▸ Exercise requirements:
Exact copy, pictures excluded: write out every line below.

Brief descriptive captions

>>

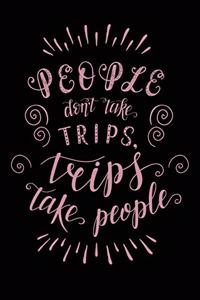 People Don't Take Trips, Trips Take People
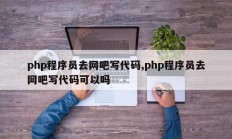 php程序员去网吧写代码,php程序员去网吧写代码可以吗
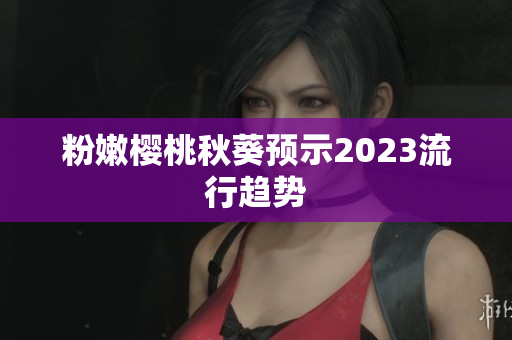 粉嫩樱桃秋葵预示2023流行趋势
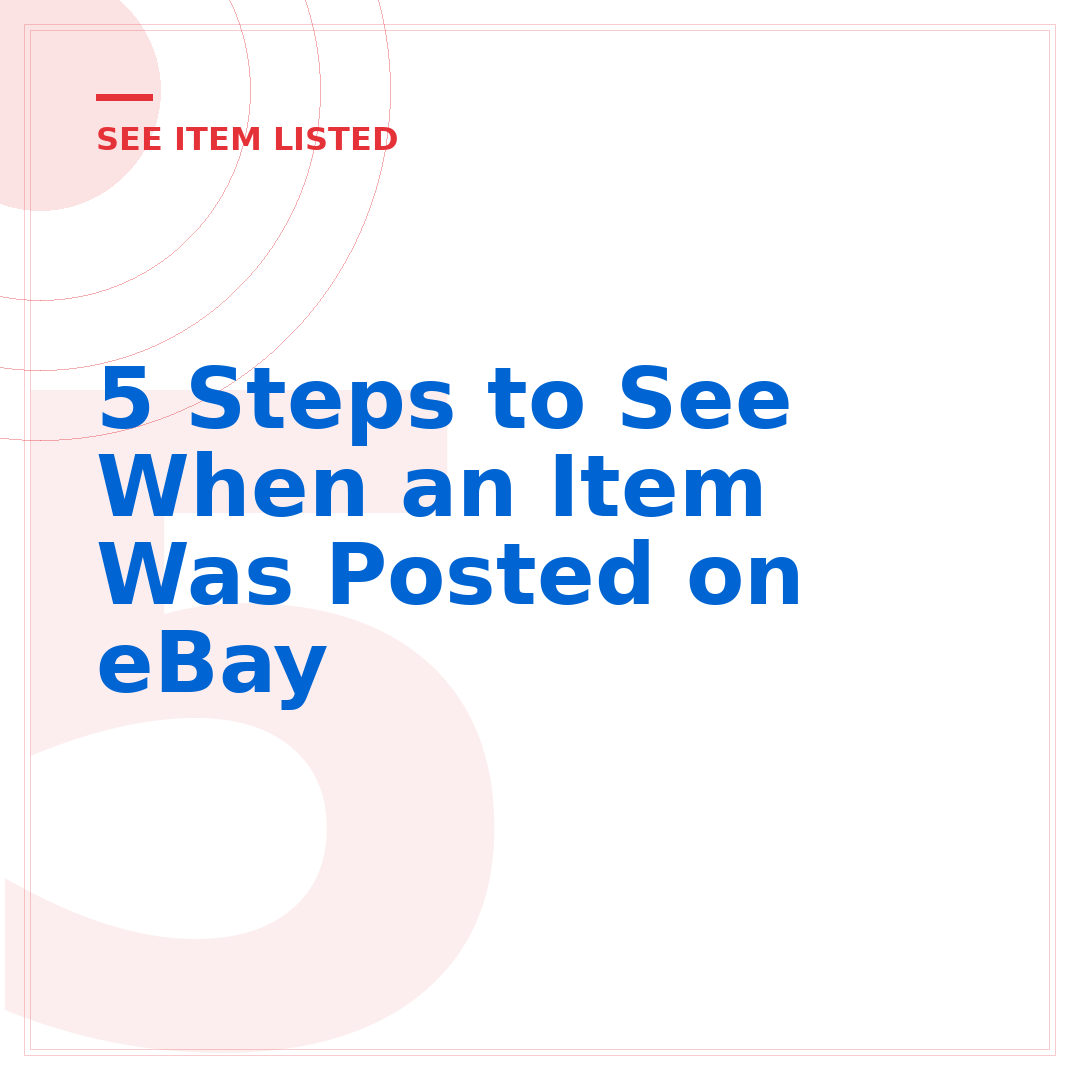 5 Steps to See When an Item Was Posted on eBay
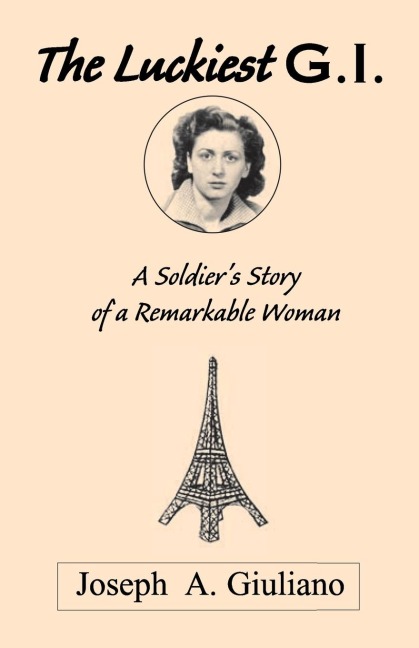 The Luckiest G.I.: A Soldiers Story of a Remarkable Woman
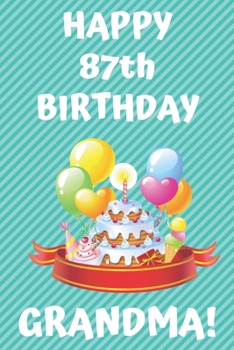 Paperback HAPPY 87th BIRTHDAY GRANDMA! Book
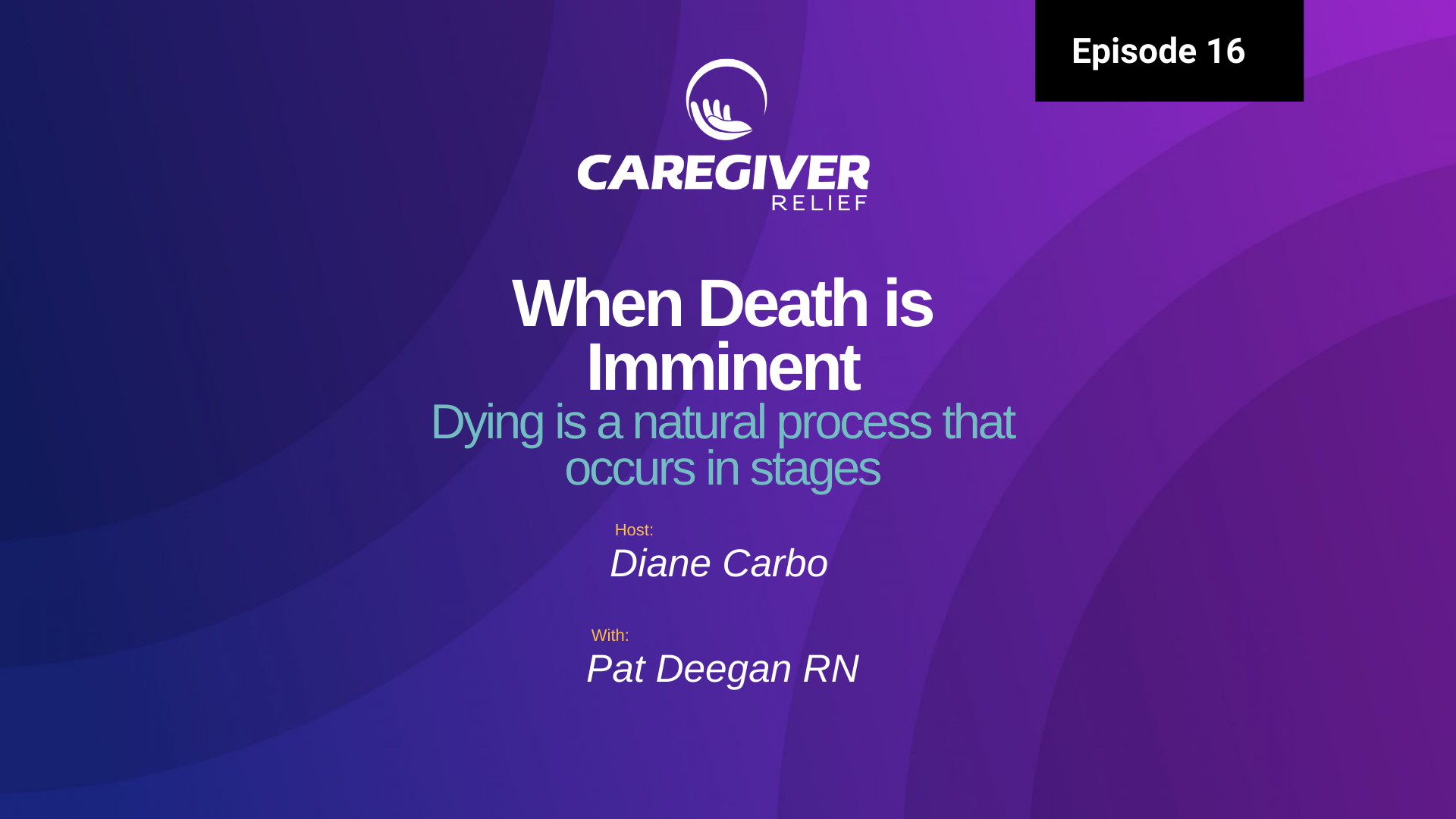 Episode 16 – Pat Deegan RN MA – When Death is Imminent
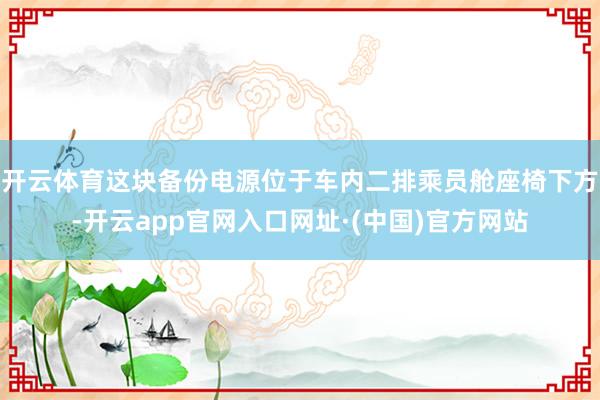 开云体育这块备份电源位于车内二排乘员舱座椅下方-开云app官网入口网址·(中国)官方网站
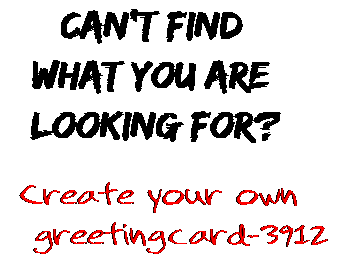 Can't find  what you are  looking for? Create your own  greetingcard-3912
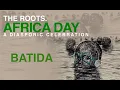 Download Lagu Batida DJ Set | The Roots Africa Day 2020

<<

▸ Task answer:
 People Don't Take Trips, Trips Take People
 php程序员去网吧写代码,php程序员去网吧写代码可以吗
 粉嫩樱桃秋葵预示2023流行趋势
 5 Steps to See When an Item Was Posted on eBay
 The Luckiest G.I.: A Soldiers Story of a Remarkable Woman
 Paperback HAPPY 87th BIRTHDAY GRANDMA! Book
 Episode 16 – Pat Deegan RN MA – When Death is Imminent
 开云体育这块备份电源位于车内二排乘员舱座椅下方-开云app官网入口网址·(中国)官方网站
 Can't find  what you are  looking for? Create your own  greetingcard-3912
 Download Lagu Batida DJ Set | The Roots Africa Day 2020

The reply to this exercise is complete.